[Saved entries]
__________________________________________________

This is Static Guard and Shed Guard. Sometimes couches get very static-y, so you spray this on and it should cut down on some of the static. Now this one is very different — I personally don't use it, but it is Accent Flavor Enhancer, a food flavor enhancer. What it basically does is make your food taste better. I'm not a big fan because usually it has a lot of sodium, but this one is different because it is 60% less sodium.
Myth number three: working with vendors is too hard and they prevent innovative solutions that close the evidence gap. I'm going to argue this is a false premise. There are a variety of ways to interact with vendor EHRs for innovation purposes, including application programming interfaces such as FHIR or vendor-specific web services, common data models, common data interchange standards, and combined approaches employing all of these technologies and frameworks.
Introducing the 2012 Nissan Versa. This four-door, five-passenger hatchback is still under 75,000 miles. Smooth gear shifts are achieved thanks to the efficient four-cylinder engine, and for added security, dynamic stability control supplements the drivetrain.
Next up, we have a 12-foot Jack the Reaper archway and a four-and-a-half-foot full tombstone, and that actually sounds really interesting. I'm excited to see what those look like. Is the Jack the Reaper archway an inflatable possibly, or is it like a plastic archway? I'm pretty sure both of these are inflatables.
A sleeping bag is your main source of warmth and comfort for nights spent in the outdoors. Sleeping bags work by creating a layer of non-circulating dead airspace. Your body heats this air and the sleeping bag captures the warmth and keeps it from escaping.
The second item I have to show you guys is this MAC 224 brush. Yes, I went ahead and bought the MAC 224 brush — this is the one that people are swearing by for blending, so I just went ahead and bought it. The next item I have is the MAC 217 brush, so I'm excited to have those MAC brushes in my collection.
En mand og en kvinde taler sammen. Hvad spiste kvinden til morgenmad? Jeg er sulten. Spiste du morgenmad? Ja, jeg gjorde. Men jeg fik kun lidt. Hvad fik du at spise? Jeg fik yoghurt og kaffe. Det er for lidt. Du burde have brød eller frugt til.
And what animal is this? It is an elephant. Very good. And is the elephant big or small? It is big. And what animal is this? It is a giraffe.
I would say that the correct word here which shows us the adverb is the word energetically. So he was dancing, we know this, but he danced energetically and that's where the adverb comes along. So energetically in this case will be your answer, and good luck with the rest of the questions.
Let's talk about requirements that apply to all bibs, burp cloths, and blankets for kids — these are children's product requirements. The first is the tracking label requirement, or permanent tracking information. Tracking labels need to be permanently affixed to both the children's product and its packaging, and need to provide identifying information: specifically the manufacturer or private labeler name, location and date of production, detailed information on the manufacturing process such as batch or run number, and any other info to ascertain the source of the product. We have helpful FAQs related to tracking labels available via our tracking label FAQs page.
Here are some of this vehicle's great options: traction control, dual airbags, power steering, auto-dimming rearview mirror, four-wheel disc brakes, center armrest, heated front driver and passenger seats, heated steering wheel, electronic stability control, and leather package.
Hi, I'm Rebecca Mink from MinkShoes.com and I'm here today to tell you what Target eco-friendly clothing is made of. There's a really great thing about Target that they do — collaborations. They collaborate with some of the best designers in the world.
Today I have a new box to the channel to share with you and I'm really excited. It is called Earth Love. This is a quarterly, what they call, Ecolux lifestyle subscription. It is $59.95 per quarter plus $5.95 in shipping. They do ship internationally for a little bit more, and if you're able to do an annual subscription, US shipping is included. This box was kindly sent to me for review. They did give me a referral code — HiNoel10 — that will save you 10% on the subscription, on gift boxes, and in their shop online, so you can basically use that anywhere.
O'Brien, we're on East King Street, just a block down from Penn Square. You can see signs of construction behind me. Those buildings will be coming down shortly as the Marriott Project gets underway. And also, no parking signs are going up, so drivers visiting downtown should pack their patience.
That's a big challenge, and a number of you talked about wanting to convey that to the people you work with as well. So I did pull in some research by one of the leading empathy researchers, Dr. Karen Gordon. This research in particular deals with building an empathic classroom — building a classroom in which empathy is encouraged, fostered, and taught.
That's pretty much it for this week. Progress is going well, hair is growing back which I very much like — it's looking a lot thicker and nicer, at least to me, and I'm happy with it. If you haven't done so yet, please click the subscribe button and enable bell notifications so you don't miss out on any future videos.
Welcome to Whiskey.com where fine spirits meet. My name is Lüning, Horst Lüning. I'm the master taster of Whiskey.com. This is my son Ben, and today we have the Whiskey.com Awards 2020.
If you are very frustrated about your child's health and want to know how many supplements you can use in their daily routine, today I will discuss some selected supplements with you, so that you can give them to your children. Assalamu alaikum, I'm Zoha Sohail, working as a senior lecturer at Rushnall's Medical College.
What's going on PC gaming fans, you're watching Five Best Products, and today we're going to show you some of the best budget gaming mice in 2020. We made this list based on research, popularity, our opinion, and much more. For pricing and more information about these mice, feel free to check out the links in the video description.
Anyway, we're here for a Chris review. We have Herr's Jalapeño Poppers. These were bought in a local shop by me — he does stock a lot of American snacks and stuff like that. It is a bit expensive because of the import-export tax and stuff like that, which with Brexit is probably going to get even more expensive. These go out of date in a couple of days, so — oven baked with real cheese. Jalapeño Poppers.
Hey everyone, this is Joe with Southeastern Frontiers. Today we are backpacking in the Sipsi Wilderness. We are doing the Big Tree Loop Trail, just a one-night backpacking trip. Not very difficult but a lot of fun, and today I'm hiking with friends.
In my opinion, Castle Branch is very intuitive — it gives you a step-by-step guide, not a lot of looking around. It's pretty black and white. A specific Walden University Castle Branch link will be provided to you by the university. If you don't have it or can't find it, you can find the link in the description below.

__________________________________________________

What the task asks:
Your output must be an exact copy of every entry.

Answer section:
This is Static Guard and Shed Guard. Sometimes couches get very static-y, so you spray this on and it should cut down on some of the static. Now this one is very different — I personally don't use it, but it is Accent Flavor Enhancer, a food flavor enhancer. What it basically does is make your food taste better. I'm not a big fan because usually it has a lot of sodium, but this one is different because it is 60% less sodium.
Myth number three: working with vendors is too hard and they prevent innovative solutions that close the evidence gap. I'm going to argue this is a false premise. There are a variety of ways to interact with vendor EHRs for innovation purposes, including application programming interfaces such as FHIR or vendor-specific web services, common data models, common data interchange standards, and combined approaches employing all of these technologies and frameworks.
Introducing the 2012 Nissan Versa. This four-door, five-passenger hatchback is still under 75,000 miles. Smooth gear shifts are achieved thanks to the efficient four-cylinder engine, and for added security, dynamic stability control supplements the drivetrain.
Next up, we have a 12-foot Jack the Reaper archway and a four-and-a-half-foot full tombstone, and that actually sounds really interesting. I'm excited to see what those look like. Is the Jack the Reaper archway an inflatable possibly, or is it like a plastic archway? I'm pretty sure both of these are inflatables.
A sleeping bag is your main source of warmth and comfort for nights spent in the outdoors. Sleeping bags work by creating a layer of non-circulating dead airspace. Your body heats this air and the sleeping bag captures the warmth and keeps it from escaping.
The second item I have to show you guys is this MAC 224 brush. Yes, I went ahead and bought the MAC 224 brush — this is the one that people are swearing by for blending, so I just went ahead and bought it. The next item I have is the MAC 217 brush, so I'm excited to have those MAC brushes in my collection.
En mand og en kvinde taler sammen. Hvad spiste kvinden til morgenmad? Jeg er sulten. Spiste du morgenmad? Ja, jeg gjorde. Men jeg fik kun lidt. Hvad fik du at spise? Jeg fik yoghurt og kaffe. Det er for lidt. Du burde have brød eller frugt til.
And what animal is this? It is an elephant. Very good. And is the elephant big or small? It is big. And what animal is this? It is a giraffe.
I would say that the correct word here which shows us the adverb is the word energetically. So he was dancing, we know this, but he danced energetically and that's where the adverb comes along. So energetically in this case will be your answer, and good luck with the rest of the questions.
Let's talk about requirements that apply to all bibs, burp cloths, and blankets for kids — these are children's product requirements. The first is the tracking label requirement, or permanent tracking information. Tracking labels need to be permanently affixed to both the children's product and its packaging, and need to provide identifying information: specifically the manufacturer or private labeler name, location and date of production, detailed information on the manufacturing process such as batch or run number, and any other info to ascertain the source of the product. We have helpful FAQs related to tracking labels available via our tracking label FAQs page.
Here are some of this vehicle's great options: traction control, dual airbags, power steering, auto-dimming rearview mirror, four-wheel disc brakes, center armrest, heated front driver and passenger seats, heated steering wheel, electronic stability control, and leather package.
Hi, I'm Rebecca Mink from MinkShoes.com and I'm here today to tell you what Target eco-friendly clothing is made of. There's a really great thing about Target that they do — collaborations. They collaborate with some of the best designers in the world.
Today I have a new box to the channel to share with you and I'm really excited. It is called Earth Love. This is a quarterly, what they call, Ecolux lifestyle subscription. It is $59.95 per quarter plus $5.95 in shipping. They do ship internationally for a little bit more, and if you're able to do an annual subscription, US shipping is included. This box was kindly sent to me for review. They did give me a referral code — HiNoel10 — that will save you 10% on the subscription, on gift boxes, and in their shop online, so you can basically use that anywhere.
O'Brien, we're on East King Street, just a block down from Penn Square. You can see signs of construction behind me. Those buildings will be coming down shortly as the Marriott Project gets underway. And also, no parking signs are going up, so drivers visiting downtown should pack their patience.
That's a big challenge, and a number of you talked about wanting to convey that to the people you work with as well. So I did pull in some research by one of the leading empathy researchers, Dr. Karen Gordon. This research in particular deals with building an empathic classroom — building a classroom in which empathy is encouraged, fostered, and taught.
That's pretty much it for this week. Progress is going well, hair is growing back which I very much like — it's looking a lot thicker and nicer, at least to me, and I'm happy with it. If you haven't done so yet, please click the subscribe button and enable bell notifications so you don't miss out on any future videos.
Welcome to Whiskey.com where fine spirits meet. My name is Lüning, Horst Lüning. I'm the master taster of Whiskey.com. This is my son Ben, and today we have the Whiskey.com Awards 2020.
If you are very frustrated about your child's health and want to know how many supplements you can use in their daily routine, today I will discuss some selected supplements with you, so that you can give them to your children. Assalamu alaikum, I'm Zoha Sohail, working as a senior lecturer at Rushnall's Medical College.
What's going on PC gaming fans, you're watching Five Best Products, and today we're going to show you some of the best budget gaming mice in 2020. We made this list based on research, popularity, our opinion, and much more. For pricing and more information about these mice, feel free to check out the links in the video description.
Anyway, we're here for a Chris review. We have Herr's Jalapeño Poppers. These were bought in a local shop by me — he does stock a lot of American snacks and stuff like that. It is a bit expensive because of the import-export tax and stuff like that, which with Brexit is probably going to get even more expensive. These go out of date in a couple of days, so — oven baked with real cheese. Jalapeño Poppers.
Hey everyone, this is Joe with Southeastern Frontiers. Today we are backpacking in the Sipsi Wilderness. We are doing the Big Tree Loop Trail, just a one-night backpacking trip. Not very difficult but a lot of fun, and today I'm hiking with friends.
In my opinion, Castle Branch is very intuitive — it gives you a step-by-step guide, not a lot of looking around. It's pretty black and white. A specific Walden University Castle Branch link will be provided to you by the university. If you don't have it or can't find it, you can find the link in the description below.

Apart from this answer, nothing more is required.